You are given an even integer n​​​​​​. You initially have a permutation perm of size n​​ where perm[i] == i​ (0-indexed)​​​​.

In one operation, you will create a new array arr, and for each i:

• If i % 2 == 0, then arr[i] = perm[i / 2].
• If i % 2 == 1, then arr[i] = perm[n / 2 + (i - 1) / 2].

You will then assign arr​​​​ to perm.

Return the minimum non-zero number of operations you need to perform on perm to return the permutation to its initial value.

Example 1:

Input: n = 2
Output: 1
Explanation: perm = [0,1] initially.
After the 1st operation, perm = [0,1]
So it takes only 1 operation.

Example 2:

Input: n = 4
Output: 2
Explanation: perm = [0,1,2,3] initially.
After the 1st operation, perm = [0,2,1,3]
After the 2nd operation, perm = [0,1,2,3]
So it takes only 2 operations.

Example 3:

Input: n = 6
Output: 4

Note:

2 <= n <= 1000
n​​​​​​ is even

解析

根据题意，就是给出了一个偶数 n ，最初可以形成一个列表 perm ，以 0 为索引每个元素为 perm[i] == i​ , 我们进行一种特殊的操作，求至少做多少次这种操作，可以让 perm 又重新变回 perm 。这种操作就是：

• If i % 2 == 0, then arr[i] = perm[i / 2].
• If i % 2 == 1, then arr[i] = perm[n / 2 + (i - 1) / 2]

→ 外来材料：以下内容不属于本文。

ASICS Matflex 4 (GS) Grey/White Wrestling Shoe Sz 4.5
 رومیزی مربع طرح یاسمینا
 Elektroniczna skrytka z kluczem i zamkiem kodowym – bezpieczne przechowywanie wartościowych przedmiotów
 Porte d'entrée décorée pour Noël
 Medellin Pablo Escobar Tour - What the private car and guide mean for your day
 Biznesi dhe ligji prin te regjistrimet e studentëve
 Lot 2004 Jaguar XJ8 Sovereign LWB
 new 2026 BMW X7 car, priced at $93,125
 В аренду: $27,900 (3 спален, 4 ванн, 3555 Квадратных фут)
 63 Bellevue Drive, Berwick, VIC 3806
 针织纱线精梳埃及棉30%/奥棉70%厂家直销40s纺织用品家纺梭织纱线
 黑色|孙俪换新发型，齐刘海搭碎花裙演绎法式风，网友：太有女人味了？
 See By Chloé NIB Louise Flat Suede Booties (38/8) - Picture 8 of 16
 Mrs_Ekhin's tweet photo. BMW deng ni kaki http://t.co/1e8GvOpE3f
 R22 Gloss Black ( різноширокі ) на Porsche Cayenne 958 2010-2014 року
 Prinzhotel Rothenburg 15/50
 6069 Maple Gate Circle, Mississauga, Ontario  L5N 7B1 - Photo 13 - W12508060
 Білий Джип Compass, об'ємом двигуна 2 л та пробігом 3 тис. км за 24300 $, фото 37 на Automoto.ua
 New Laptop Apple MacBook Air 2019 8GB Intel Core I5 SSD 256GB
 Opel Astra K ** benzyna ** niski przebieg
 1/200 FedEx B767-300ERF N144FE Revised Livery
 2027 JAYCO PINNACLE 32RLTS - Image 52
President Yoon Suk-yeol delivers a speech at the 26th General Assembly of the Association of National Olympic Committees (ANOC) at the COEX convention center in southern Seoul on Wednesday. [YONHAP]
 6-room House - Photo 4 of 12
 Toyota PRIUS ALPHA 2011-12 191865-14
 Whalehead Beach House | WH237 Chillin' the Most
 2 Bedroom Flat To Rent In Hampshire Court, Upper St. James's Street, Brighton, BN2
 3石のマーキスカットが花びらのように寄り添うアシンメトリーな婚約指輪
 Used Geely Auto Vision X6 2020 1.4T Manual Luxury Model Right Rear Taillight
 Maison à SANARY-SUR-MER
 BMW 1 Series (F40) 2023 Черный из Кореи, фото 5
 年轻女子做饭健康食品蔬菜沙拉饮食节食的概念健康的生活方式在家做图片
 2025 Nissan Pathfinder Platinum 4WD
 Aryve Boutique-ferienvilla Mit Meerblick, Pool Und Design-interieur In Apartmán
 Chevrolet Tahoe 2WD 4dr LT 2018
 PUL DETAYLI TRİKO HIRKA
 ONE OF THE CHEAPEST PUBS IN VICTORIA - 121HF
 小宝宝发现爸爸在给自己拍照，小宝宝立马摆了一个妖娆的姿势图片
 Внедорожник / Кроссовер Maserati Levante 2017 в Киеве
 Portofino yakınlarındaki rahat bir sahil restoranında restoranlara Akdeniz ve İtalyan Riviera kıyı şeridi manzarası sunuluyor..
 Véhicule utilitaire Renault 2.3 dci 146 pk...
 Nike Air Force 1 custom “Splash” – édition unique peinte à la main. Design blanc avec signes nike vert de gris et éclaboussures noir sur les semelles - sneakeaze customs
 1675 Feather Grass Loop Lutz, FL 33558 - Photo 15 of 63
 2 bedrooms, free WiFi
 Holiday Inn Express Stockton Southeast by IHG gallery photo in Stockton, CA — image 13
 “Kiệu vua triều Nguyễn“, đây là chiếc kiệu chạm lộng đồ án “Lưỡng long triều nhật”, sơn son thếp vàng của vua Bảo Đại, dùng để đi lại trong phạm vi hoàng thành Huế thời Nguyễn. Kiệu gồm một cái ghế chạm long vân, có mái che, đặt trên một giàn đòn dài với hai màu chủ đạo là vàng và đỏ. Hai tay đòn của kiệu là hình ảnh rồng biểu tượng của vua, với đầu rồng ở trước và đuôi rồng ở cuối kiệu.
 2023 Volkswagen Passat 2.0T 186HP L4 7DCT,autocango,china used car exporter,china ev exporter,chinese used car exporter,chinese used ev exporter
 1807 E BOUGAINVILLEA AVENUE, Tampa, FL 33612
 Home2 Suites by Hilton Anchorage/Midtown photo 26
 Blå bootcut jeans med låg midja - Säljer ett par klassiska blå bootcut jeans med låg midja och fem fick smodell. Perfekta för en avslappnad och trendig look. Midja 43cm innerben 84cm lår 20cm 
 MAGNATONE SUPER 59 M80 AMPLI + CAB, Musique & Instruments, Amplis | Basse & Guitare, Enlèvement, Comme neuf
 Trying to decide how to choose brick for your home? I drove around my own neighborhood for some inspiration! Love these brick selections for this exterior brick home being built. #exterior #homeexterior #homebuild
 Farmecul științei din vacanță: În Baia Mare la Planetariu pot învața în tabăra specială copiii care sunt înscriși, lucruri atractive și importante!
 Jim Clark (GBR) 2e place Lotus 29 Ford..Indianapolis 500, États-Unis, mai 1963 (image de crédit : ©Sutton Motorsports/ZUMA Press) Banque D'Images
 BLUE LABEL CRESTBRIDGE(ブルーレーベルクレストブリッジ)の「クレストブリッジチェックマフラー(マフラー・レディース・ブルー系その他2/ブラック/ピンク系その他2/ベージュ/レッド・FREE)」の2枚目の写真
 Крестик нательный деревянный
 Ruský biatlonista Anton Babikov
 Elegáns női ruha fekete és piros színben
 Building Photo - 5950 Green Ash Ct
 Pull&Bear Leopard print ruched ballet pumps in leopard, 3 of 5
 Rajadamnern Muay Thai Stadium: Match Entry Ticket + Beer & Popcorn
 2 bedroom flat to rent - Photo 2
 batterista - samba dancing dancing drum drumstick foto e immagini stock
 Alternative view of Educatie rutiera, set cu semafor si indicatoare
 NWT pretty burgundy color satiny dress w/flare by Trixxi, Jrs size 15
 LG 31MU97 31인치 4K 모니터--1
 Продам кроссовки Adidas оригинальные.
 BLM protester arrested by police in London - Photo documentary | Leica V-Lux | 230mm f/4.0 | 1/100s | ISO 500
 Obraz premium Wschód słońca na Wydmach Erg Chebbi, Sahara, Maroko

按照题意，思路比较简单，就是直接按照这种操作，不断进行，并使用计数器 count 计数，当 perm 重新变回 perm 时，返回 count 即可。

解答

class Solution(object):
    def reinitializePermutation(self, n):
        """
        :type n: int
        :rtype: int
        """
        count = 0
        perm = [x for x in range(n)]
        result = [x for x in range(n)]
        while True:
            perm = [perm[i//2] if i % 2 ==0 else perm[n//2 + (i-1)//2] for i in range(n)]
            count += 1
            if perm==result:
                return count
        	      
		

运行结果

Runtime: 564 ms, faster than 38.89% of Python online submissions for Minimum Number of Operations to Reinitialize a Permutation.
Memory Usage: 13.3 MB, less than 77.78% of Python online submissions for Minimum Number of Operations to Reinitialize a Permutation.

解析

另外，可以使用递归来解决 perm 的不断变化。

解答

class Solution(object):
    def __init__(self):
        self.count = 0
    def reinitializePermutation(self, n):
        """
        :type n: int
        :rtype: int
        """
        perm = [x for x in range(n)]
        result = [x for x in range(n)]
        def f(perm):
            perm = [perm[i//2] if i % 2 ==0 else perm[n//2 + (i-1)//2] for i in range(n)]
            self.count += 1
            if result == perm:
                return
            f(perm)
        f(perm)
        return self.count

运行结果

Runtime: 600 ms, faster than 33.33% of Python online submissions for Minimum Number of Operations to Reinitialize a Permutation.
Memory Usage: 21.4 MB, less than 11.11% of Python online submissions for Minimum Number of Operations to Reinitialize a Permutation.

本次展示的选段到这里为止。